The given data can be listed below

• The cylinder with length is,$L=15.0\text{m}$.
• The energy stores are,$U=3.20x{10}^{-9}\text{J.}$
• The potential difference of the capacitor is,$V_{ab}=4.00\text{V.}$

Now, we know that the potential energy stored in a charged capacitor is equal to the amount of work done to charge itself.
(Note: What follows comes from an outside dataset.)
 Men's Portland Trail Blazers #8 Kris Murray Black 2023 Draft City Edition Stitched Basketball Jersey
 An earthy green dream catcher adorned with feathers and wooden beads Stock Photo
Now to separate opposite charges and place them on different conductorsis given by the following equation:

$$\begin{gathered} \mathbf{U}\mathbf{=}\frac{\mathbf{1}}{\mathbf{2}}{\mathbf{QV}}_{\mathbf{ab}} \\ \mathbf{Q}\mathbf{=}\frac{\mathbf{2}\mathbf{U}}{{\mathbf{V}}_{\mathbf{ab}}} \end{gathered}$$

Now from the above equation we can calculated the charge on the plate

$Q=\frac{2U}{V_{ab}}$

Substitute the $3.2\times {10}^{-9}\text{J}$for U, and 4 V for V_ab in the above equation.

$$\begin{gathered} =\frac{2(3.20\times {10}^{-9}\text{J})}{4.00\text{V}} \\ =1.60\times {10}^{-9}\text{C} \\ =1.60\text{nC} \end{gathered}$$

Now the charge is same for both conductors but is in opposite sign.
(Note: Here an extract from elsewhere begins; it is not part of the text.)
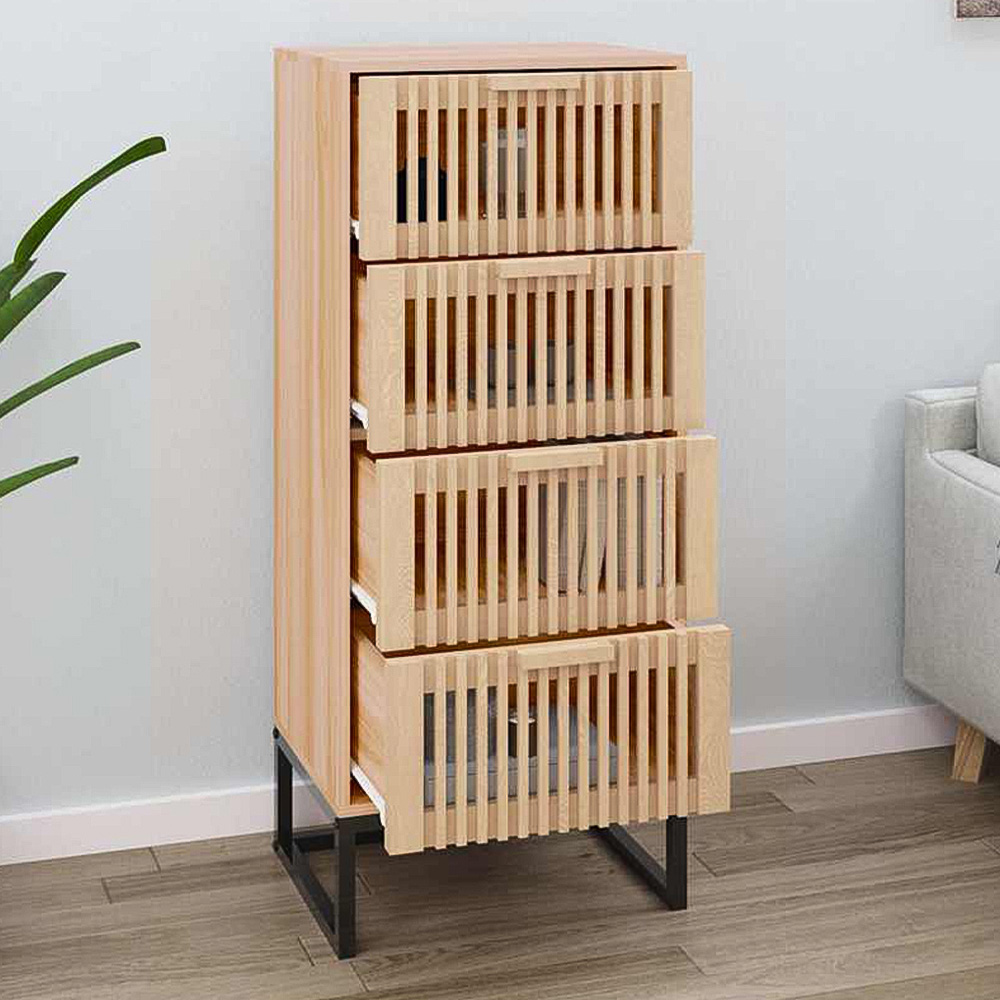 vidaXL 4 Drawer Brown Highboard Image 1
Now to find the ratio between the radii of the conductors we will first find the relation between the capacitance and the radii of the conductors:

$C=\frac{Q}{V}$

Substitute the 1.6 nC for Q and 4 V for V in the above equation.

$$\begin{gathered} \frac{1.60\times {10}^{-9}\text{C}}{4.00\text{V}} \\ =0.4\times {10}^{-9}\text{F} \end{gathered}$$

Now, the capacitance is related to the radii of the conductors by:

$$\begin{gathered} \frac{C}{L}=\frac{2\pi {\epsilon }_{\circ }}{\ln \left(\frac{r_b}{r_a}\right)} \\ \ln \left(\frac{r_b}{r_a}\right)=\left(\frac{2\pi {\epsilon }_{\circ }}{\frac{c}{L}}\right) \\ \frac{r_b}{r_a}=e^{\left(\frac{2\pi {\epsilon }_{\circ }}{C/L}\right)} \end{gathered}$$

Substitute$0.4\times {10}^{-9}\text{F}$ the for C, 15 m for L in the above equation.

$$\begin{gathered} e^{\left(\frac{2\pi 8.854\times {10}^{-12}\text{F/m}}{0.4\times {10}^{-9}\text{F}/15\text{m}}\right)} \\ =8.05 \end{gathered}$$

Therefore, the radius of the outer conductor is$r_b=8.05r_a.$